= David Wang (Australia) =

Australian politician

David Neng Hwan Wang (12 February 1920 – 1 January 1978), was a Chinese-Australian businessman and the first Chinese-Australian elected to the Melbourne City Council.

Wang was born in Haimen county, Jiangsu province, China, the son of a prosperous peasant farmer, and studied radio communications in Shanghai before entering the military academy in Chongqing (Chungking), (then the temporary capital of China) in 1939. Promoted lieutenant in 1941, he served in the intelligence section of the general headquarters. Following the outbreak of World War II in the Pacific, he was sent to Australia as a captain with the Chinese military mission.

In Melbourne in 1942 he met Mabel Chen, an Australian-born Chinese, who chose the English name David for him. In 1947 they were married in Singapore, where he opened a business importing woollen goods from Australia. These connections to Australia enabled him to gain a seven-year Australian business residence permit in 1948, despite the then-official White Australia Policy, which prevented Asian immigration. The permit was issued by the Immigration Minister Arthur Calwell, who became a close friend of the Wang family, despite his lifelong support for White Australia. He opened his furniture business in Little Bourke Street in 1950.

The business grew rapidly and by the 1960s Wang was a leading businessman and a leader of the Chinese community. The Australian Dictionary of Biography notes:

"Anticipating a growing taste for oriental wares, they prospered almost immediately, obtaining Chinese goods through a Hong Kong agent, and later importing from Taiwan, Japan, the Philippines, Malaysia, Thailand and the Pacific Islands, and, after 1972, mainland China. The Wangs largely pioneered the trade in Chinese cane-ware, bamboo blinds, camphorwood chests, and arts and crafts. Fireworks were among their most lucrative earners. In 1962, wishing to make his first overseas business trip on an Australian passport, David applied for naturalisation six months before he had completed the required fifteen years residence, and succeeded on appeal. He purchased and demolished the Canton Building in Little Bourke Street, erecting in its place a modern emporium, opened in 1964 by Calwell."

In 1965 Wang, on the nomination of Calwell (whose electorate covered the City of Melbourne), was appointed one of the first two Chinese-Australian Justices of the Peace in Australia. In 1969 he was elected to the Melbourne City Council, becoming the first Chinese-Australian to win a seat in local government. As a Councillor he led the push for the extension of shopping hours and the establishment of new parks in the city, and worked on the approval of Melbourne's Chinatown Project.
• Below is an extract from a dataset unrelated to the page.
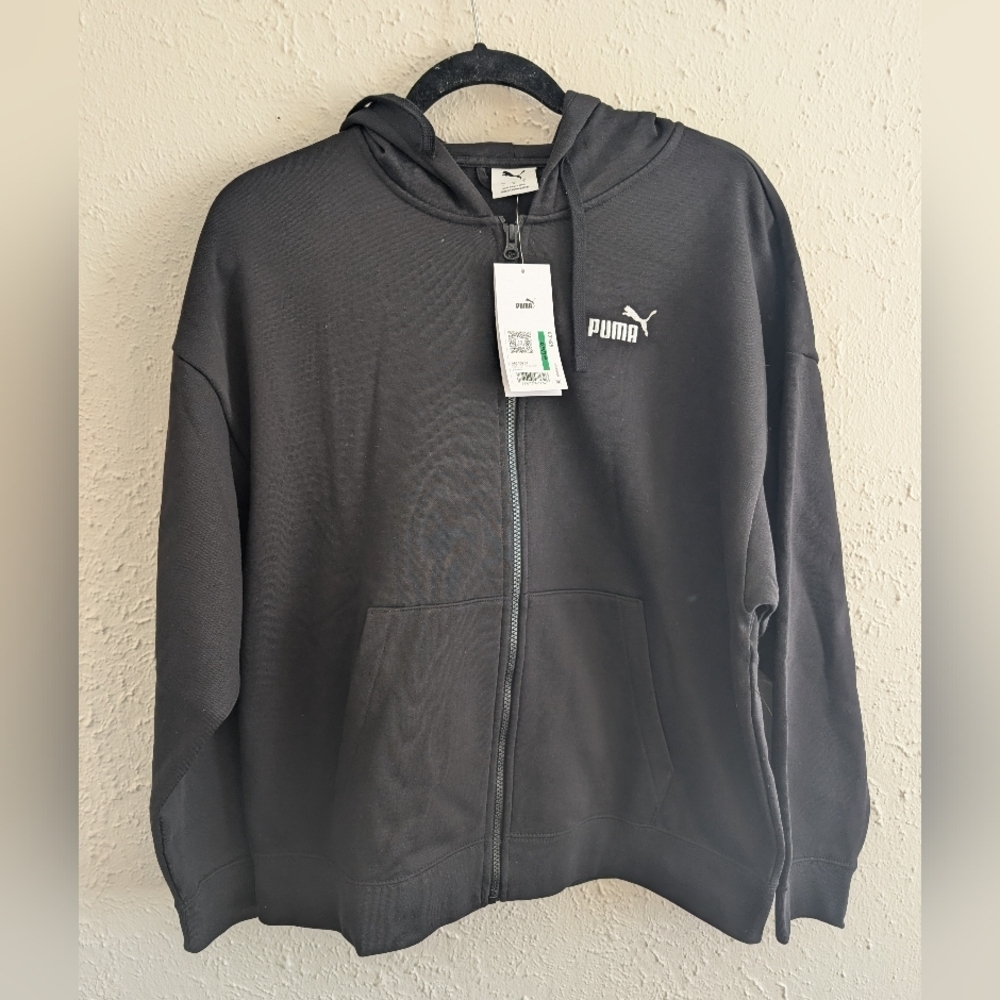 NWT Puma Black Zip Hoodie with White Logo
"Wang campaigned for election to Melbourne City Council, basing his campaign on revitalising inner-city Melbourne, particularly its night life, and injecting an international flavour into the city. As a leader in the Chinese community he had initiated Melbourne’s Chinatown project in 1960 and in 1970 he revived it as a councillor. The Chinese quarter in Melbourne, centred in Little Bourke Street, had been in decline and Wang believed that its transformation with pagodas, archways and suitable lighting would attract tourists and shoppers, as well as promoting Chinese culture. Chinatown was launched in 1976."
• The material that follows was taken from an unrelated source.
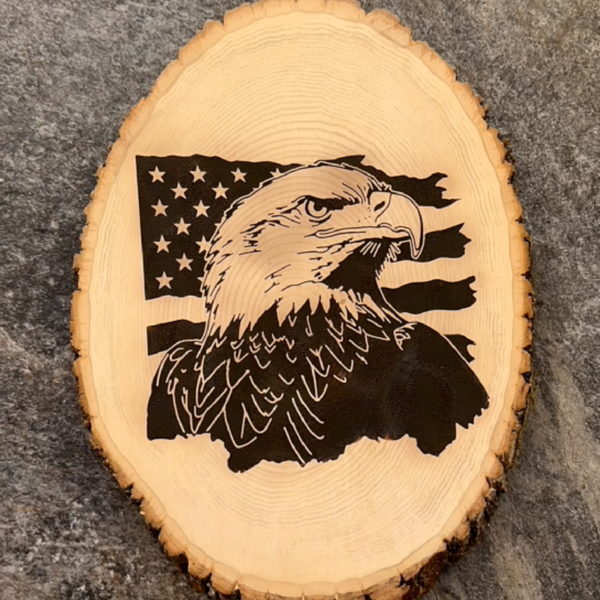 Torch Paste Stencil | Eagle & American Flag | Reusable Adhesive Mesh Stencil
Wang served on many other community bodies and was Foundation Chairman of the Dai Loong Association. In 1975-77 he was chairman of the Chinese Professional and Business Association of Victoria. It was widely expected that he would be elected as Lord Mayor of Melbourne, but his early death from a heart attack prevented this.

"Having experienced little personal prejudice in the business and professional milieux, [Wang] saw his advance as demonstrating the fairness of the Australian people, as distinct from the sometimes overbearing behaviour of the country's officialdom. Cautious and a gradualist, he condemned examples of racism in public life, welcomed the replacement of the White Australia policy by selective immigration, forecast a multi-racial nation, and supported an Asian immigration quota. In 1977 he described Australia as a cosmopolitan community and endorsed racial integration, including mixed marriages, arguing that the Australian Chinese should serve as a bridge of friendship between the two countries. The tolerance displayed by Australian youth made him optimistic about the future."